6. Ownership of Work Product.
a. Work Product. All drawings, specifications and other documents and electronic data furnished by County to Developer in connection with this Project (collectively, the “Work Product”) are deemed to be instruments of service and the ownership and property interests therein, including the copyrights thereto, shall be as set forth in any agreements that the County entered to procure their production. The Work Product shall include, but not be limited to, the Industrial Park Construction Documents and the Cheroenhaka Construction Documents. The Developer shall not have any rights of ownership in the Work Product.

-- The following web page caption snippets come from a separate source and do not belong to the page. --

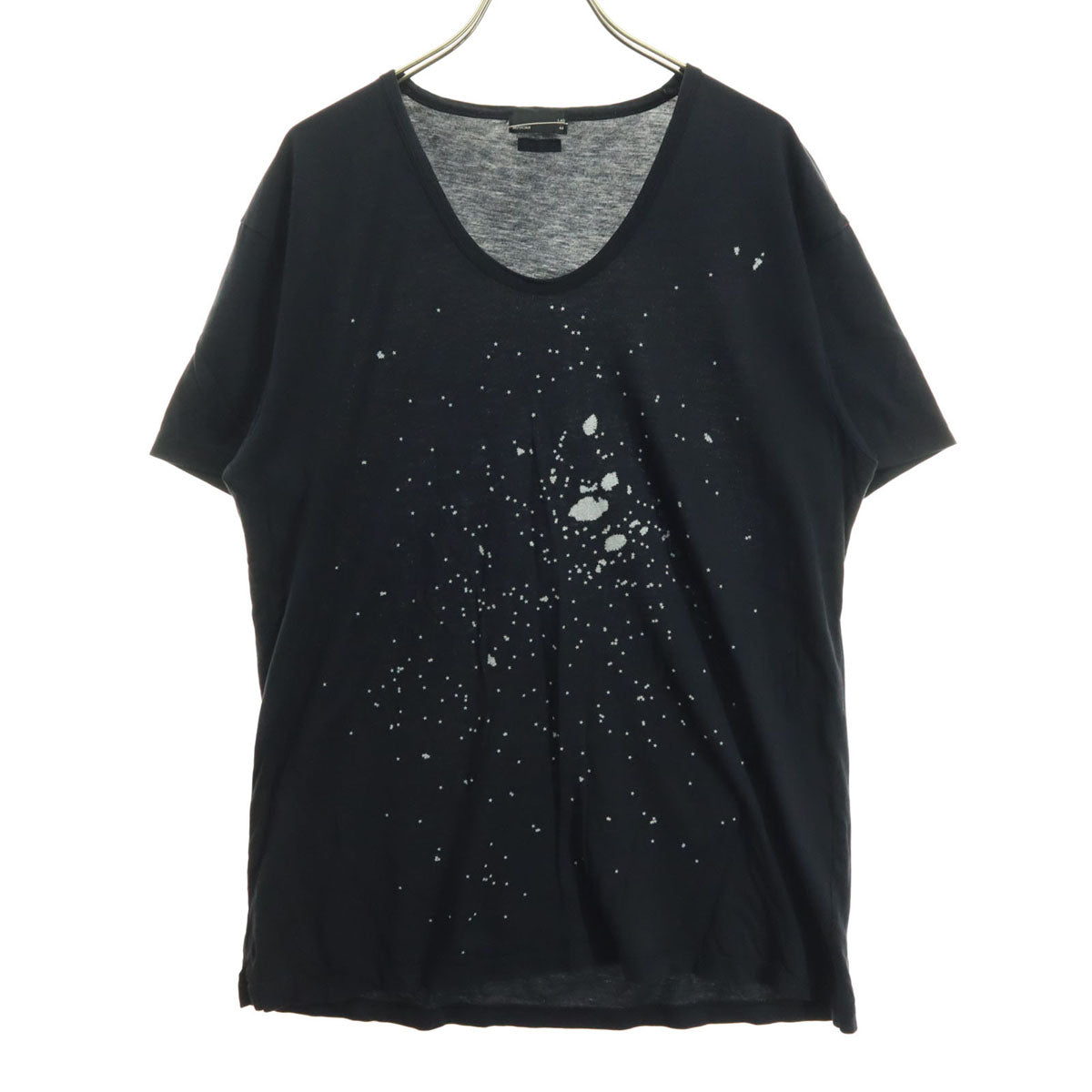 LAD MUSICIAN ラッドミュージシャン 半袖 グラフィック Tシャツ M ブラック メンズ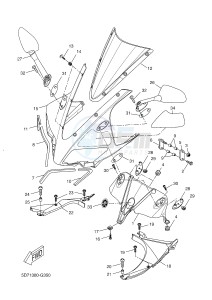 YZF-R125 R125 (5D7J 5D7J 5D7J) drawing COWLING 2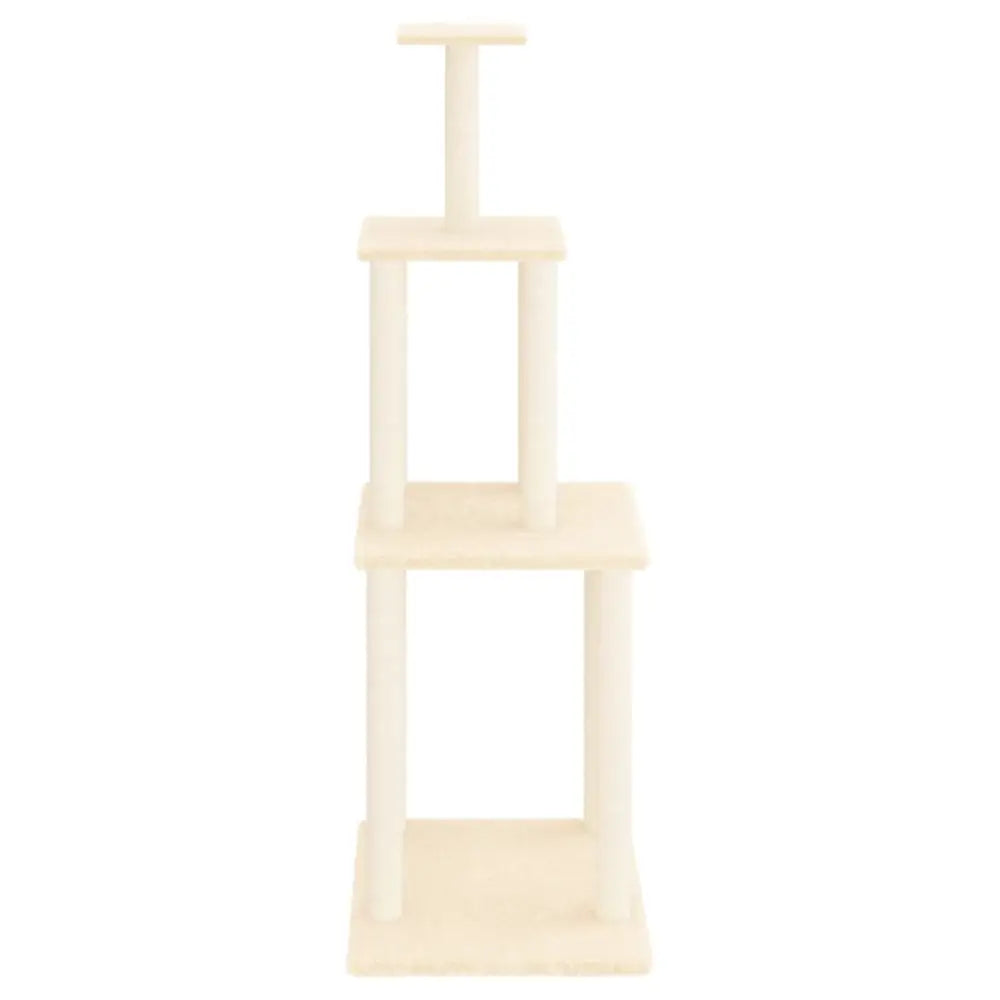 Vidaxl cat tree with sisal scratching posts cream 149 cm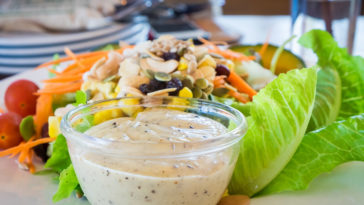 How important accompaniments of salads and dressings are?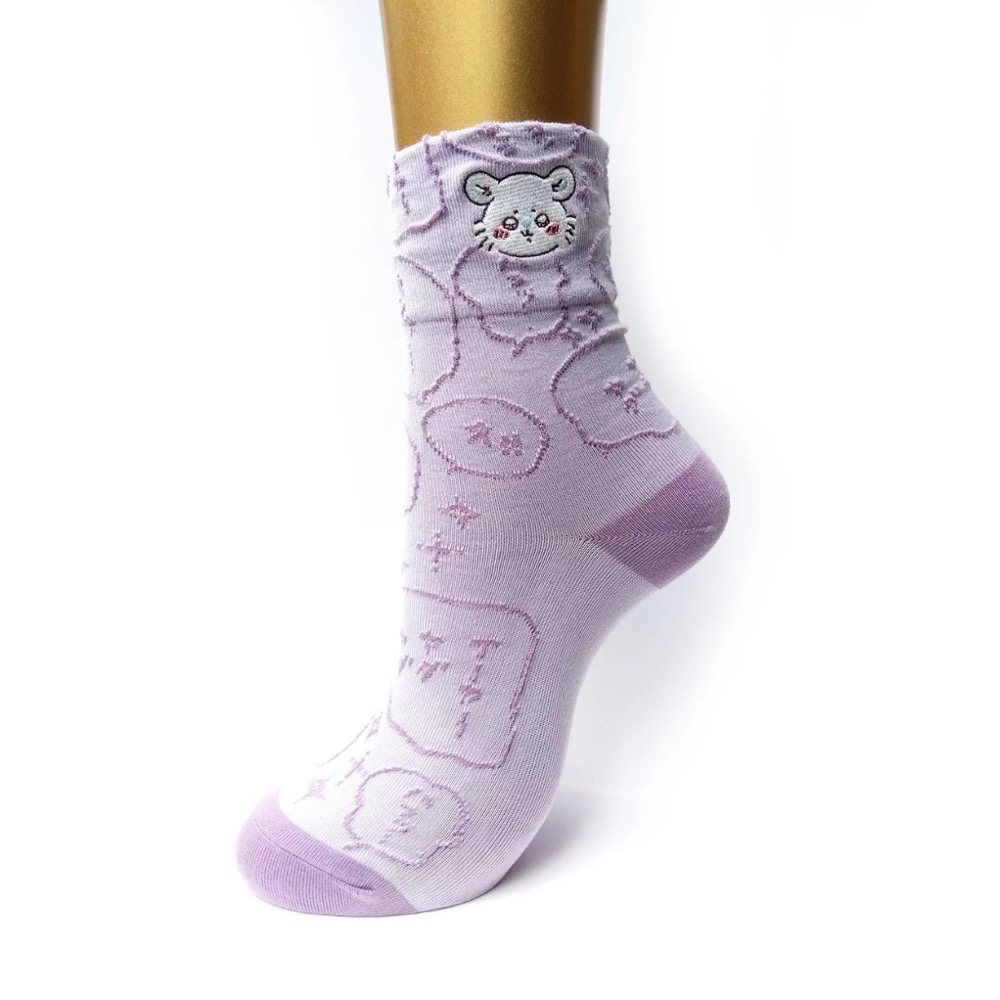 日本正版 吉伊卡哇 小八貓 兔兔 莫莫加刺繡襪 可愛😍-細節圖8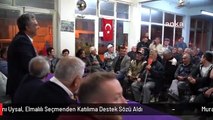 Muratpaşa Belediye Başkanı Uysal, Elmalılı Seçmenden Katılıma Destek Sözü Aldı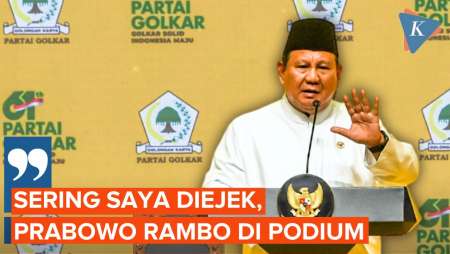 Prabowo Ngaku Sering Diejek "Rambo Podium"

b. Grant of License to Work Product. In connection with its Work under this Agreement on the Project, Developer shall have a limited license to use and reproduce (and to allow its general subcontractor and other subcontractors to use and reproduce) the Work Product, but only as necessary to its development, construction and operation of the Project. Developer shall not have the right to, and Developer covenants and agrees that Developer will not, transfer to any other person for use in connection with any other project Developer’s limited license to use and reproduce the Work Product in connection with its development, construction and operation of the Project. This limited license shall terminate upon completion of all of the Work required under this Agreement or any termination of this Agreement, whichever may occur first; if the Agreement is terminated with respect to only a portion of the Work, then the limited license shall terminate with respect to only the Work Product applicable to such Work. With respect to the portion of the Work Product consisting of the Cheroenhaka Construction Documents, the limited license described herein shall be subject to payment by the Developer to the County of a use fee of Ten Thousand and no/100 Dollars ($10,000.00) prior to any use of the Cheroenhaka Construction Documents.
7. Construction of the Industrial Park Site Grading and Compensatory Mitigation Site.

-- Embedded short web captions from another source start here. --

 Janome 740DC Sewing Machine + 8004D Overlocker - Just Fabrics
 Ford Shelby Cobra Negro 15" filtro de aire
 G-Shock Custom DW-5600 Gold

a. The Developer shall construct, or cause to be constructed, the Industrial Park Site Grading and Compensatory Mitigation Site as a turnkey project, in accordance with the Industrial Park Construction Documents, and in full compliance with all applicable laws, ordinances, regulations (including, but not limited to, those of the Virginia Department of Environmental Quality) and applicable permits.

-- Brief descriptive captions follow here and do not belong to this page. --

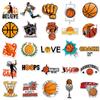 50 Waterproof Basketball Stickers for Luggage, Scooters, Computers & Tablets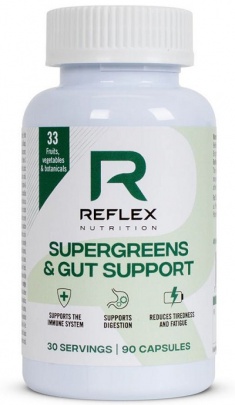 Reflex Supergreens & Gut Support 90 kapslí
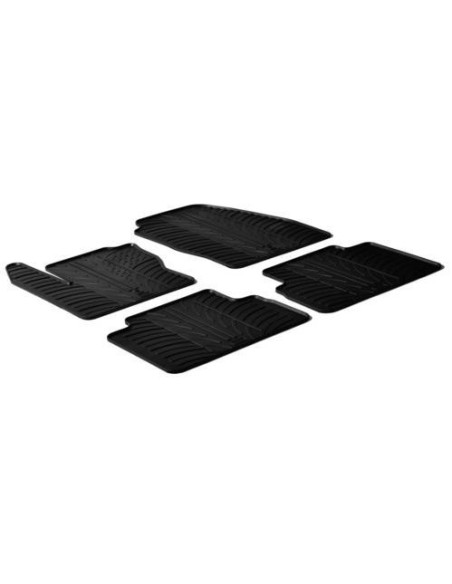 Set tappetini su misura gomma per FORD C Max C Max 7 2010 2015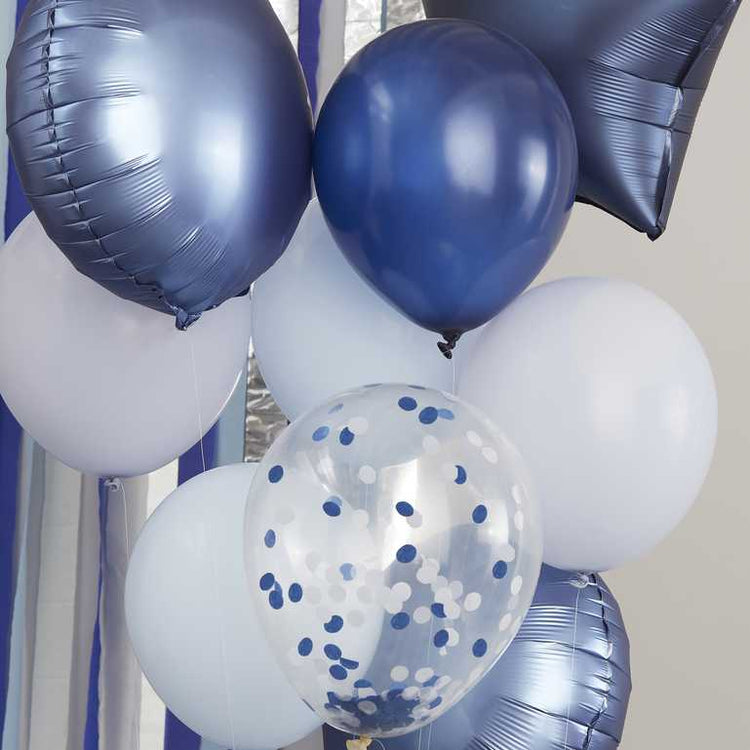 Mix It Up Balloon Bundle Blue Pack of 11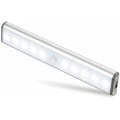 Pikkukuva 1 / 5: 10 LED-lamppua, Langaton, USB-Latautuva, Magneettinen, Liiketunnistin, Kannettava. Kaappivalo, Hätävalo, Lapsen Yövalo, Apulaite, Hopea
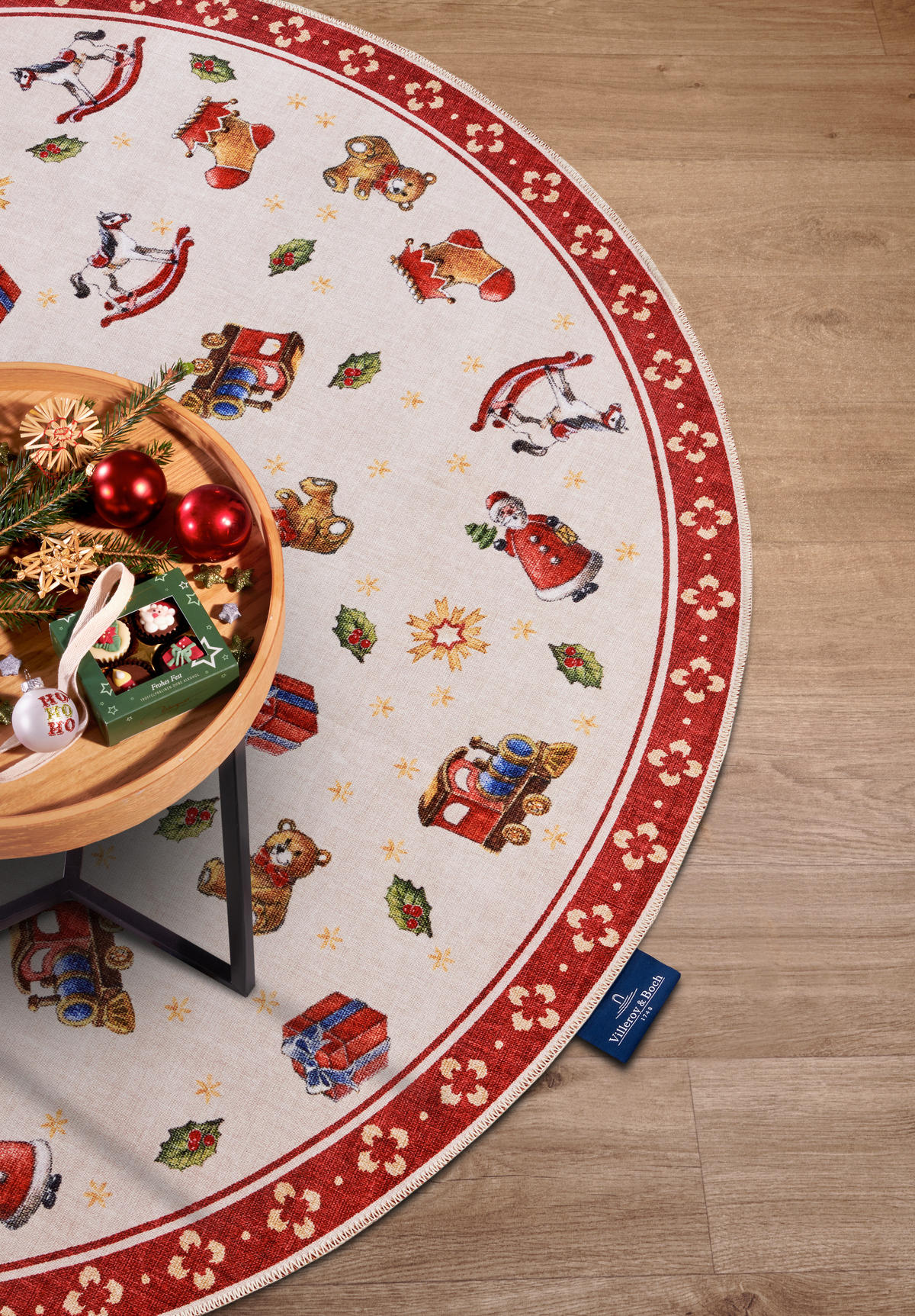 FLACHWEBETEPPICH 150 cm Toy's Delight Multicolor, Rot  - Rot/Multicolor, Design, Kunststoff/Textil (150cm) - Villeroy & Boch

b. The County, its employees, representatives and consultants, including, but not limited to, its independent engineer, Timmons Group, shall be afforded reasonable access to the Project to ensure that the Developer’s activities are acceptable to the County and the Industrial Park Site Grading and the Compensatory Mitigation Site are being performed in accordance with this Agreement and the Contract Documents, so long as such access does not interfere with the Developer’s performance of the Work or other permitted activities.